La Vraie Dose 36 : J’ai l’impression de ne pas travailler assez pour ma boîte !

La Vraie Dose 36 : J’ai l’impression de ne pas travailler assez pour ma boîte !

Je vis une sensation étrange : l’impression croisée de travailler à la fois trop et pas assez. Trop, dans le sens où mon repos et ma vie personnelle ressemblent à un oasis. Pas assez, au sens où j’ai toujours pour moi-même des exigences qui devraient normalement être remplies par une armée” 

Papa Noël, déboule dans une semaine pile pile, le moment donc de faire un peu le point. En fait, je n'ai pas vraiment décidé de faire le point sur quoi que ce soit, c’est mon cerveau d’entrepreneure (oui encore lui) qui l’a décidé pour moi. Et tu ne sais pas ce qu’il me murmure (crie) celui-ci ? “Sarah, t’as pas bossé assez” ! Oui, comme ça sans formalité.

Ça fait quelques semaines que je vis une sensation assez étrange : l’impression croisée de travailler à la fois trop et pas assez. Trop, dans le sens où mon repos et ma vie personnelle ressemblent à un oasis au milieu d’une montagne d’emails et de rendez-vous. Pas assez, au sens où comme j’ai toujours pour moi-même des exigences qui devraient normalement être remplies par une armée de 15 personnes, bah niveau avancement dans la direction que j’aimerais, ça ne colle pas.
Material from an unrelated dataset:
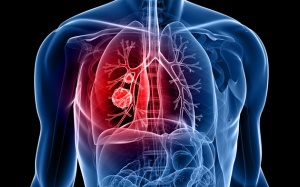 Ung thư phổi không tế bào nhỏ phẫu thuật được không?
“Et là, big découverte : un bon paquet d’entrepreneurs vivent / subissent ce sentiment de ne pas arriver à travailler assez pour leur entreprise.”

Alors, plutôt que de ronchonner dans mon coin (bon un peu quand même parce que sinon c’est pas drôle), maintenant je commence à l’avoir le réflex : aller demander aux copains entrepreneurs de parler de ce sujet un peu touchy. Bah oui, on a jamais trop envie de crier sur tous les toits que notre projet, il n’avance pas comme on le voudrait.

Mais bon autour d’un café, les langues se délient. Et là, big découverte : un bon paquet d’entrepreneurs vivent / subissent ce sentiment de ne pas arriver à travailler assez pour leur entreprise.Et le plus drôle dans tout ça ? Ils partagent comme moi cette même sensation de charbonner comme jamais et pourtant de ne pas voir leur projet entrepreneurial grandir aussi vite qu’ils ne le voudraient. Franchement, déjà se sentir moins seul sur ce sujet hautement isolant psychologiquement, ça fait du bien (donc déjà va parler aux copains ou viens me parler, je suis là !).

“Et ce goût là, qui fait que l’entrepreneuriat ça sonne sympa, souvent il va de pair avec son poto : l’insatisfaction permanente par rapport à soi-même.”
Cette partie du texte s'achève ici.